This same process is in also in effect when the bureaucracy takes what appears from the perspective of an objective outside viewer to be an inexplicably stupid course of action. A clear example is a second-grader who was recently suspended from school for bringing in a toy gun. In this case, the boy discovered the toy gun in his back pack and, realizing it was against the rules, forthrightly brought it to his teacher’s attention. The school suspended him. No doubt, at some point the school district had made it clear that weapons – or anything that even looked like a weapon – would result in immediate suspension. This toy gun certainly fell within the strict definition of the rules, since it did in fact look like a weapon, and that made the suspension entirely legitimate from the perspective of the education bureaucrats. Once such an action has taken place, the bureaucracy seems to be paralyzed in addressing it. Most often, the bureaucracy’s first reaction is a full-fledged defense of its own actions. If that fails to stand up to public scrutiny (and a total onslaught is the pertinent bar to judge by) then usually a lower-level bureaucrat is blamed for misapplying some of the bureaucracy’s rules.
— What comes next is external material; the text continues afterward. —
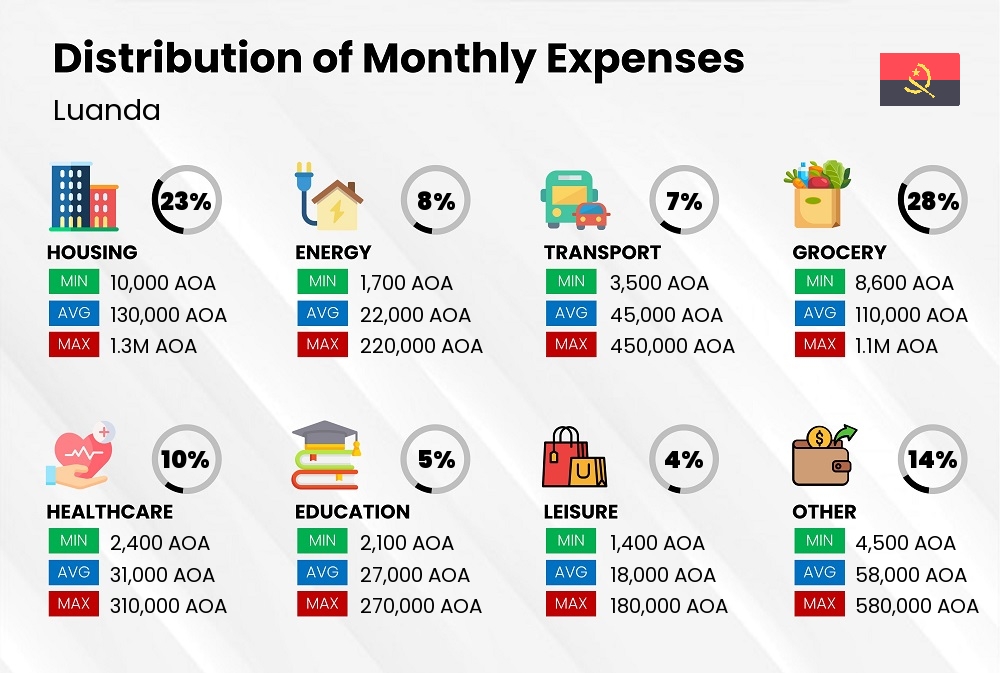 Distribution of monthly cost of living expenses in Luanda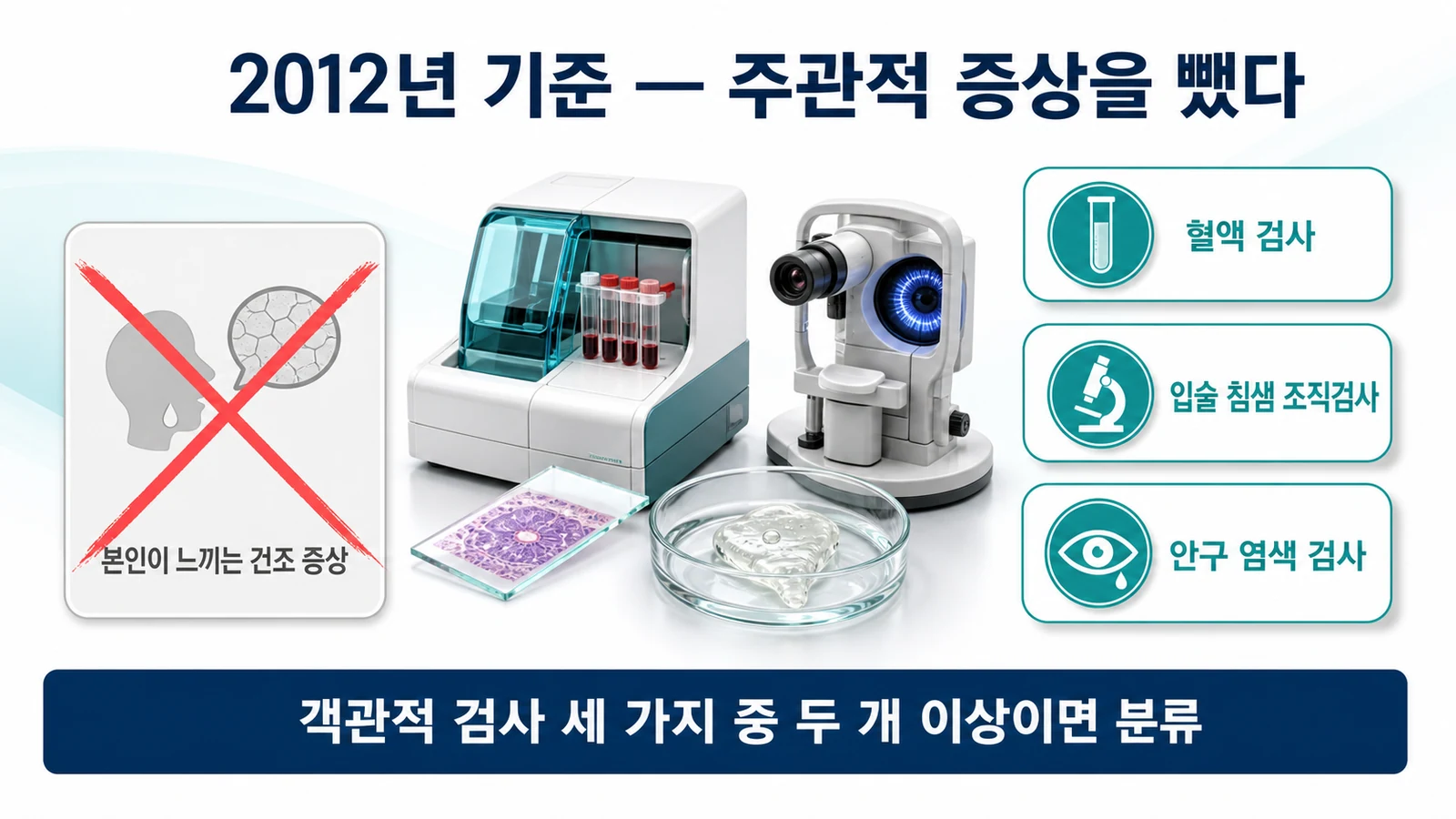 2012년 SICCA 기준이 주관적 증상을 배제하고 혈액 검사, 조직검사, 안구 염색이라는 객관적 검사 세 가지 중 두 개 이상으로 분류한다는 것을 설명하는 인포그래픽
It is a very rare situation when the bureaucracy admits its error and, because of that, changes policy.
Adding to this effect is the nature of people who are attracted to and stay in this type of job role. People who hold a bureaucratic job accept that their job is to apply an established set of the rules and do what the boss tells them to do without question, day after day. Creativity and ingenuity is not needed and not wanted. These are not the type of people who are out to change the world; they do not enter each day with the idea of improving how things work on the job; they do not think outside of the box in order to solve problems. They are the type of people who will show up, do the same job day in and day out, always do what they are told to do, and cash their paychecks every Friday. Even if they come into the bureaucracy with the can-do, make-it-happen, improve-the-world mindset, they will eventually either be beaten down by and succumb to the system or they will leave it. Only the Kafkaesque bugs remain.
Finally, this effect is all the worse for larger bureaucracies with broader missions. If the mission is narrowly defined – “put a man on the moon and return him safely to earth” or “build an atomic bomb” for instance – a bureaucracy can be quite effective in delivering on its mission. In smaller bureaucracies, even with a broader mission, there is the very real potential to create an effective and efficient organization – if the person at the top has the right drive and determination to do it.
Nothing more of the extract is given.